Едва что-нибудь случалось или с телетайпов считывали сенсационную новость, во всех комнатах звучал сигнал, приглашающий журналистов в холл, где с утра до вечера звучала спокойная музыка, обволакивающая сообщения. За каждой дверью трещали, будто пулеметы, пишущие машинки. Можно размять ноги в спортивном зале за пинг-понгом или на механической лошадке. В баре подавали коктейль «атомная бомба», сладкий и ароматный, не имевший ничего общего с жуткой вещью, одолжившей ему название, за исключением быстро следовавшего помутнения рассудка у хвативших лишнего.
Здесь бывали Дос Пассос, Хемингуэй, Людвиг Бемельманц, в которых, к счастью, не было ничего от высокомерия мэтров французской журналистики.
Понять психологию оккупанта в оккупированной стране так же важно, как и психологию побежденного. В 1946–47 годах немецкие проблемы были такими же, как проблемы русских, французов, англичан и американцев. Я испытываю к американцам большую симпатию. Попадая в их общество, каждый раз убеждаюсь, как дружелюбны, открыты и доброжелательны их лица, — гораздо больше, чем у европейцев. Они понимают радость дарения, счастье помощи ближнему. Как часто я видела у входа в администрацию солдат, раздающих немецким детишкам купленные для них сладости.

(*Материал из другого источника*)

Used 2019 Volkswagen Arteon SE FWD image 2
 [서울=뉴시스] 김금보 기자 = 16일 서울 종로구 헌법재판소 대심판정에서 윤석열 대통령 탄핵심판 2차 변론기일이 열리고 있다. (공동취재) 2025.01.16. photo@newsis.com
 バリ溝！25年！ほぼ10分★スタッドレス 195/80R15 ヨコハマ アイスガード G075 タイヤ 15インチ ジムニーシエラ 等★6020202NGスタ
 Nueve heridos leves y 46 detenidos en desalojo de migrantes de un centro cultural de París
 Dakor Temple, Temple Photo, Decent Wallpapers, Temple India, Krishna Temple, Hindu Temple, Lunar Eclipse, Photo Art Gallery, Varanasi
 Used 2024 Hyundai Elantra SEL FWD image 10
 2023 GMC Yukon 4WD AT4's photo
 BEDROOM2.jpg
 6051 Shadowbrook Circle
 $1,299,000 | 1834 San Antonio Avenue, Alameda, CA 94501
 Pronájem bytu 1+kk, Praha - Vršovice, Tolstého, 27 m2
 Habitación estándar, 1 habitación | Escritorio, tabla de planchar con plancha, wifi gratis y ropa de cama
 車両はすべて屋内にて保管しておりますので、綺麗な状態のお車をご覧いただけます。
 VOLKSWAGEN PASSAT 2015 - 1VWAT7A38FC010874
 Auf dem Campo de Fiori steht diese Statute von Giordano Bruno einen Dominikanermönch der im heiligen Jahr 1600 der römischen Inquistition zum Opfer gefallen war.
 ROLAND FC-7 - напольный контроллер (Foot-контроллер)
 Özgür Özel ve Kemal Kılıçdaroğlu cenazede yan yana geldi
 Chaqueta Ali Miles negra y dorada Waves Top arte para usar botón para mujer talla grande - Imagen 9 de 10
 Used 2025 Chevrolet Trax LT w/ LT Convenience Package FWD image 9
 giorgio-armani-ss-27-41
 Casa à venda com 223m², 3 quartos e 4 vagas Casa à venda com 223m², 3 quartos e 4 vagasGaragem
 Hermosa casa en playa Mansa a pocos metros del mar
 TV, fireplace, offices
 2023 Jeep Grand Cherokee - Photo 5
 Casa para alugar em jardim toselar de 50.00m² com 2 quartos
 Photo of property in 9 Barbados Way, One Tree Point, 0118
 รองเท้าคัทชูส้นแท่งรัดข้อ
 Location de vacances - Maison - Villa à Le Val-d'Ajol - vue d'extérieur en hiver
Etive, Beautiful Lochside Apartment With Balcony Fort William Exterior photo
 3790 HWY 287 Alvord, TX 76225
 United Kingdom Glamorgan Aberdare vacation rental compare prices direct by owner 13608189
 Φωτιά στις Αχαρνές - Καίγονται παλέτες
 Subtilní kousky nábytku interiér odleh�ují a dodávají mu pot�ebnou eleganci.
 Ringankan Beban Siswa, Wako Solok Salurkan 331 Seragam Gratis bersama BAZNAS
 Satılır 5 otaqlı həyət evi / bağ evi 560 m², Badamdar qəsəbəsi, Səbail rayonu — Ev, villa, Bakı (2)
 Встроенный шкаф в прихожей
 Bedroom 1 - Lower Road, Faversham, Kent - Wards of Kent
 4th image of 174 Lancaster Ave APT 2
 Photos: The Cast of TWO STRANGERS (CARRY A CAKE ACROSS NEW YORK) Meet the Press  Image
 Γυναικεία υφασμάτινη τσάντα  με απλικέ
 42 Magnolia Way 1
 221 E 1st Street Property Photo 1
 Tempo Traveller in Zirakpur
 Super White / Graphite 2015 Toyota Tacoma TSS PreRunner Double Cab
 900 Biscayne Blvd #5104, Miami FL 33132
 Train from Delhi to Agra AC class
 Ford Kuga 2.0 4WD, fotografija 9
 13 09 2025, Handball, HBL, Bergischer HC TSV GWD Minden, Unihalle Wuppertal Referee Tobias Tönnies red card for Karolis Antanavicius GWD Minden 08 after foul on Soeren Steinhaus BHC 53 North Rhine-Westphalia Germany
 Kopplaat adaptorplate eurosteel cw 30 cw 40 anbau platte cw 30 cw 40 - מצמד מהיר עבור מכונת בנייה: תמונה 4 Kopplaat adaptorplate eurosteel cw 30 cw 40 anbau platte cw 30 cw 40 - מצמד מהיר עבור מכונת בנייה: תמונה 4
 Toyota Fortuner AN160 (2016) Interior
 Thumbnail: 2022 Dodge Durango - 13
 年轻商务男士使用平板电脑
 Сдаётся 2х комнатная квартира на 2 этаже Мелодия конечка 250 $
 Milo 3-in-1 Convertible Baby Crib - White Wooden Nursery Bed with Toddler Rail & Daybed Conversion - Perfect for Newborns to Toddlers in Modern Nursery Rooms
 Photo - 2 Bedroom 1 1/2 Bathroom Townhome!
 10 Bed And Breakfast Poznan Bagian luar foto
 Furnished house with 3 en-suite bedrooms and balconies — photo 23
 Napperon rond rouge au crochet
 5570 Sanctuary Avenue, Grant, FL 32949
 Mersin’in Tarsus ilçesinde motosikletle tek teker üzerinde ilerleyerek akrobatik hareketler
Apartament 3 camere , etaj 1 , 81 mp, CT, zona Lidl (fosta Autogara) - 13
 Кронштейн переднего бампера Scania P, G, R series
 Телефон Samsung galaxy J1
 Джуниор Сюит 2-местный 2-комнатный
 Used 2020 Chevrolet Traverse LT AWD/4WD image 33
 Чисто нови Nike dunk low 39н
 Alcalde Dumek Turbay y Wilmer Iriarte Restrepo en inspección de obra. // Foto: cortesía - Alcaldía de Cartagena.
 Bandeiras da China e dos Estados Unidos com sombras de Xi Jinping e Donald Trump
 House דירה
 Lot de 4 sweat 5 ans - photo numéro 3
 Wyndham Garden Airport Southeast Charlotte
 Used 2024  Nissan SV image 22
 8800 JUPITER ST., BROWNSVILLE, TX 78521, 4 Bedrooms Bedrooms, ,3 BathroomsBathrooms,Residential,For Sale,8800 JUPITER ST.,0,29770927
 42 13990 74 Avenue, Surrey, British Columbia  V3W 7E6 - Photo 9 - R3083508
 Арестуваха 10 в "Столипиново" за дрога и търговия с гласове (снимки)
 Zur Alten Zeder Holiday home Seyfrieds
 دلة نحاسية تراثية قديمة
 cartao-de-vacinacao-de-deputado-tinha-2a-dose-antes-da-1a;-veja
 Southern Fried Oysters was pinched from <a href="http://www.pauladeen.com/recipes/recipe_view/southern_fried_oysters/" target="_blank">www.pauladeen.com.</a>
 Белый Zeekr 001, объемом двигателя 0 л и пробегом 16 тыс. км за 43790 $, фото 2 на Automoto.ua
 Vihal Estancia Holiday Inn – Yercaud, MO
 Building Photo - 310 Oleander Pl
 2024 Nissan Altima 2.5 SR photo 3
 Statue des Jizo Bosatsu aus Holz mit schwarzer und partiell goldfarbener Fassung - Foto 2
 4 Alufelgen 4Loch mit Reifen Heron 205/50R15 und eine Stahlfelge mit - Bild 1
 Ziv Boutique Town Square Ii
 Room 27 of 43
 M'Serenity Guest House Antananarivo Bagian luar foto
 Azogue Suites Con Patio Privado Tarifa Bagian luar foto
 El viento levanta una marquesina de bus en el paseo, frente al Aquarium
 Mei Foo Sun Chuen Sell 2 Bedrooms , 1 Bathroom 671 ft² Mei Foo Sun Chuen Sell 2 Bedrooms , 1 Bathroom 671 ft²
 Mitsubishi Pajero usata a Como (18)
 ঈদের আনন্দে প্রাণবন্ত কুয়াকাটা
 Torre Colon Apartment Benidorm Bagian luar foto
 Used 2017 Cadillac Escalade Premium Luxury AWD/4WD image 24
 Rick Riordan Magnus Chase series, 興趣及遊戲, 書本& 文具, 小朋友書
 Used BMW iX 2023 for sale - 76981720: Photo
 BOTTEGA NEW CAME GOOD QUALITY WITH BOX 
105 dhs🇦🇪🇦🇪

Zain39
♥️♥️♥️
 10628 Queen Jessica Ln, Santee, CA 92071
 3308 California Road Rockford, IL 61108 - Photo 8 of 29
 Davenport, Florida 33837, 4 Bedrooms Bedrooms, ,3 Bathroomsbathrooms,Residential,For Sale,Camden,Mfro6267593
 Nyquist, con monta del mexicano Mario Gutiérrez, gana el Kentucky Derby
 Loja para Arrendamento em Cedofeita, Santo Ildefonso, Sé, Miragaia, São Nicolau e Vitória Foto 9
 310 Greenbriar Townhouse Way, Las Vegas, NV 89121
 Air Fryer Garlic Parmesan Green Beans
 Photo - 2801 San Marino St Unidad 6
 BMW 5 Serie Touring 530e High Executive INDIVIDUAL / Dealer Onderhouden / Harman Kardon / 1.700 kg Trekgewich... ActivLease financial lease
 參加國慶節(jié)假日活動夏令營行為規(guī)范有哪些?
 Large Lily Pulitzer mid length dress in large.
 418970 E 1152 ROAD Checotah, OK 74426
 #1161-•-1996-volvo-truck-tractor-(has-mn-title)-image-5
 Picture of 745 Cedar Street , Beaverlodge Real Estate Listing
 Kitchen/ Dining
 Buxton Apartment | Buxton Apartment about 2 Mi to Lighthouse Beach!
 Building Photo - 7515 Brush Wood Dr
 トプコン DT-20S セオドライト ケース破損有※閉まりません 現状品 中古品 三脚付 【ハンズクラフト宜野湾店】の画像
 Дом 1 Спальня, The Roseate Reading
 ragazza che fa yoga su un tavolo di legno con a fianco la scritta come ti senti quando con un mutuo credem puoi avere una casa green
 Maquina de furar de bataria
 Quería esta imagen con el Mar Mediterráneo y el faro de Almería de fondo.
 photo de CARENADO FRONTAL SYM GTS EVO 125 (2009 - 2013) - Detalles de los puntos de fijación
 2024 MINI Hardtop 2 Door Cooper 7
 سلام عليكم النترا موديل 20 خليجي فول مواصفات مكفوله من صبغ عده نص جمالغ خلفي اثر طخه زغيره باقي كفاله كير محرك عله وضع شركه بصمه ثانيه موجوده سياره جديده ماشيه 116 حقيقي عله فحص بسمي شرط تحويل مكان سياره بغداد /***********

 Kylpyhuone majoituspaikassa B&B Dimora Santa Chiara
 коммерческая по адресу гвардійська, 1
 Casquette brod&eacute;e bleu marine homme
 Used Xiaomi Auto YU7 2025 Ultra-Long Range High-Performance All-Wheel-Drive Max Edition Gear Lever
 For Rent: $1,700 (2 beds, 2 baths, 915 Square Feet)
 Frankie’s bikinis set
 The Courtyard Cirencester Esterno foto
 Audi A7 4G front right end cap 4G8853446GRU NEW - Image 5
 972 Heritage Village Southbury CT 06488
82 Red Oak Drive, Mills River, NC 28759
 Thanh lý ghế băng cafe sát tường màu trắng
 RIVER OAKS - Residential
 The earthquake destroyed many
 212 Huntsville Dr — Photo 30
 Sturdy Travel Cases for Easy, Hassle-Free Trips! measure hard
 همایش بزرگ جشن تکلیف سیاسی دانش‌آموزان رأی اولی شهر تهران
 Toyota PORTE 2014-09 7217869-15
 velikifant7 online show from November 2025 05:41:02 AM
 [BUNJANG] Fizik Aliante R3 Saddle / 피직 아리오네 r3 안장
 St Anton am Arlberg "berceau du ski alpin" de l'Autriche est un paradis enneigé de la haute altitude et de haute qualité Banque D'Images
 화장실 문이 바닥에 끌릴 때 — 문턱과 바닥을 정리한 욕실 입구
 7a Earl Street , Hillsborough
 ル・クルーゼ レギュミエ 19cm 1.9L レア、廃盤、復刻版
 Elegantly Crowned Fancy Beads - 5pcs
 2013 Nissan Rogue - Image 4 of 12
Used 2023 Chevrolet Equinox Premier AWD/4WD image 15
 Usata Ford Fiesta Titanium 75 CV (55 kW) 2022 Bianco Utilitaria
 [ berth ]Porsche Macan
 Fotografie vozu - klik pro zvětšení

Но я быстро испытала на себе, что в профессиональном отношении заокеанские коллеги действуют гораздо более жестко, нежели европейские. Они не стеснялись в средствах, не думали о дружбе, когда речь заходила о хорошем сюжете, источниках информации или опережающей публикации.
Американцы в Германии ничуть не походили на своих соотечественников в Великобритании. Они высадились на наш континент победителями. Война оставила свой след на высоченных парнях, обманчивая ленца которых при надобности сменялась молниеносной хваткой. Она их утомила, закалила, остепенила. Они носили заработанные кровью и храбростью ордена естественно и без показухи. Победы над многочисленными женщинами превратили их в скептиков, хотя многие из них сохранили и наивность. Приходилось слышать немало рассказов о немецких и французских графинях, герцогинях, встреченных в ночных клубах, которые, принимая излияния чувств, не отказывались также от радиоприемников и долларов.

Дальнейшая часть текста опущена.